A disaster at your work premises like fire or flood can be absolutely devastating. A catastrophe like this takes no prisoners and can rip through your stock and the fabric of the building in a matter of minutes. In the aftermath you will be face with the prospect of the clean up, sorting out your staff, the insurance claim itself and trying to keep the business afloat whilst there is form of income coming into the business. Juggling all of these roles and jobs can be a near impossible task and one that can drain you mentally.
There are a couple of steps that you would normally take when making your claim – which you will go through briefly here. There is also one step that you may not be familiar with but can help you considerably in getting the claim that you deserve.
Step 1: Report the incident to the policed. Obviously this is the obvious first step that you would take – you may not even have to make it if the police were involved at the start of the incident.
Step 2: Here is the step that a lot of businesses miss (or have at step 3) – contact a loss assessor.

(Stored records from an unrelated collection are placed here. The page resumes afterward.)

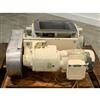 Image 8in DIETRICH REIMELT 10 SCHC .3.3SG2 Square Rotary Airlock Valve - Stainless Steel - 3 from Bid-on-Equipment.com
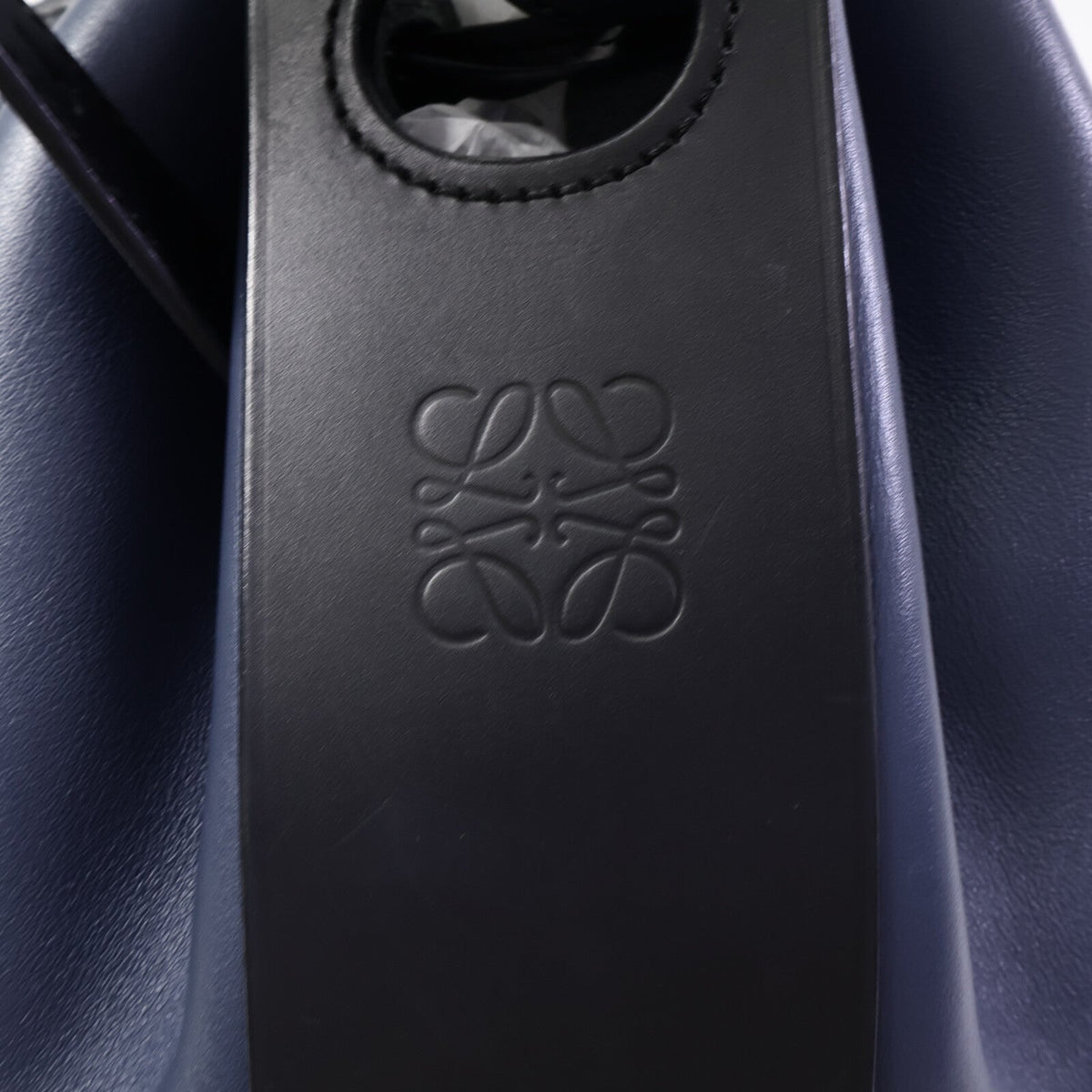 Loewe Balloon Medium · Calfskin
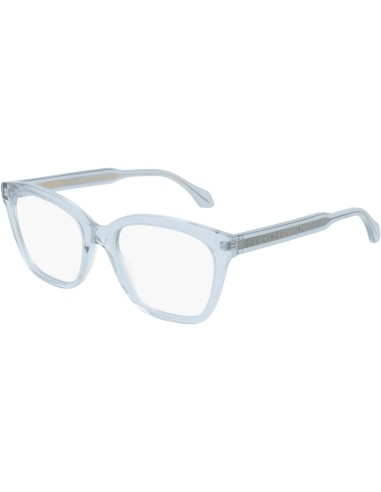 Gucci Seasonal Icon GG0566ON Eyeglasses pas cher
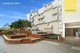 Photo - 41A/88 James Ruse Drive, Rosehill NSW 2142 - Image 3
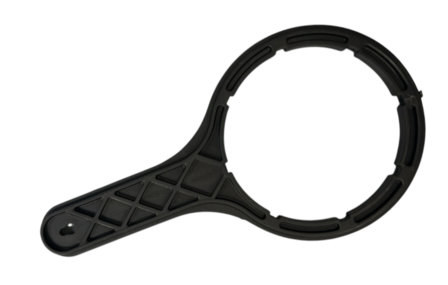 Atlas Sleutel voor bokaal  Atlas Hydra Rainmaster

Step 3: Contact your insurance company.
You will notice the emphasis placed on getting your loss assessor involved early on in the process. Your insurance company is a business like any other and the loss adjuster that they appoint to your claim will be ensuring that they pay out the minimal amount of money in the claim – which is not what you want for your business. Getting the insurance loss assessors involved early on will ensure that all bases are covered and that you have fair representation in the claim. Without the input of a loss assessor you and the business will be expected to deal with all aspects of the claim yourself, from paperwork to liaising with the insurance company over the payout. With all the work and stress around just getting your business functional again this is often the straw that breaks the camel’s back for a lot of smaller companies.
Employing the right loss assessor is crucial and there are a few things that you should be looking for. You need to know whether you will be able to pay after a reasonable settlement has been made by the premises insurance company – you don’t need to pay out for a substandard job. You need to know the level of involvement the assessors will have – will they deal with all the paperwork and liaising, will they help organise contractors?
Most businesses fail to get a fair settlement due to mistakes that are made at the start of the insurance claim process – don’t wait until it happens to your business to find out what you have to do when dealing with an insurance claim for a major disaster.